Giulia küsste Aurora auf Lippen, Wangen, Augen. Aurora erwiderte leidenschaftlich, ungeduldig, in Erwartung intimerer Momente.

Ohne die Küsse zu unterbrechen, warfen sie die Kleider ab. Giulia war etwas flinker.

Sie war ganz nackt, Aurora hatte das Kleid abgelegt und fummelte am Korsett.

— Lass mich helfen, sagte Giulia.

Nachdem sie das Korsett abgestreift hatte, kniete sie vor Aurora und zog Strümpfe und Unterhosen aus, küsste dabei Bauch, Schamhügel und Schenkel, die leidenschaftlich bebten.
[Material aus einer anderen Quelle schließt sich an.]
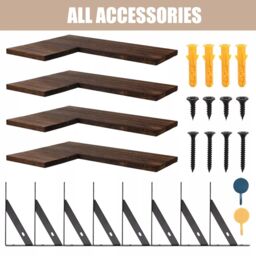 Hinsinc 4 Piece Corner Floating Shelves Wall Mounted Wooden Display Shelf in Dark Brown - thumbnail 4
— Heute erlebst du noch größeres Vergnügen. Ich hab eine Überraschung für dich.

— Welche Überraschung?, fragte Aurora verwundert. Besser als das erste Mal wird’s wohl nicht.

Giulias Zärtlichkeiten erregten Aurora.

— Es gibt Besseres, Süße, und du siehst es heute.
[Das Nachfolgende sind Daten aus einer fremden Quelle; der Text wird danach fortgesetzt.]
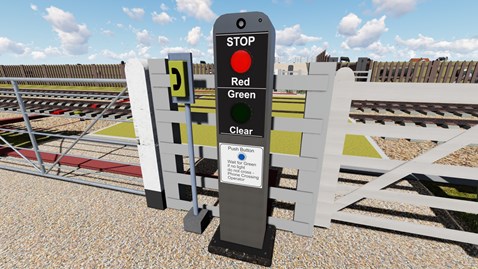 mini stop lights at level crossing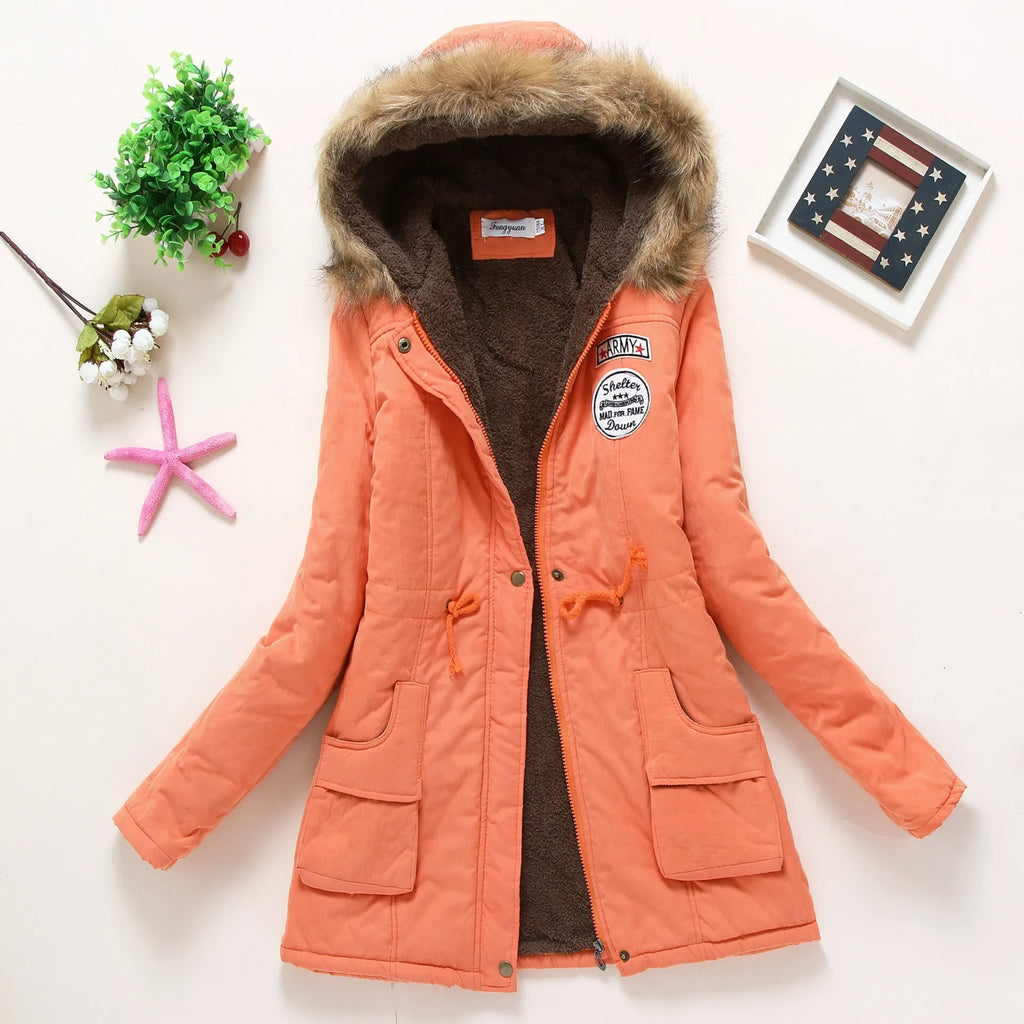 Winter Jacket Women Hooded Badge Lamb Fleece Medium Long Drawstring Cotton Coat Peach Skin Fleece Hooded Jacket Winter Coat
Giulia stand auf und rieb ihren nackten Körper am nackten Körper Auroras, überschüttete sie mit Küssen.

Aurora atmete schwer. Ihre Brust hob sich oft. Auch ich begann langsam, mich zu entkleiden.
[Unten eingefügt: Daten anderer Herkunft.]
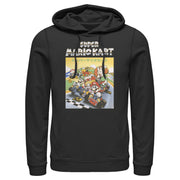 Men's Nintendo Mario Kart Retro Chrome Logo Group Shot  Adult Pull Over Hoodie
— Giulia, Liebes, ich verlier die Kontrolle! Lass uns schnell das Ding anziehen, wie letztes Mal!

— Heute gibt’s ein anderes Ding für dich, besseres.

Giulias Hände waren zwischen Auroras Beinen, die Finger irrten umher und steigerten die Leidenschaft.

— Komm her!

Giulia schob Aurora in mein Arbeitszimmer. Ich war schon nackt, zog leise den Vorhang zurück und stellte mich seitlich der Tür.

Die Tür ging auf.

— Giulia, Liebes, da ist’s dunkel. Lass uns hier, ich fürcht mich da rein!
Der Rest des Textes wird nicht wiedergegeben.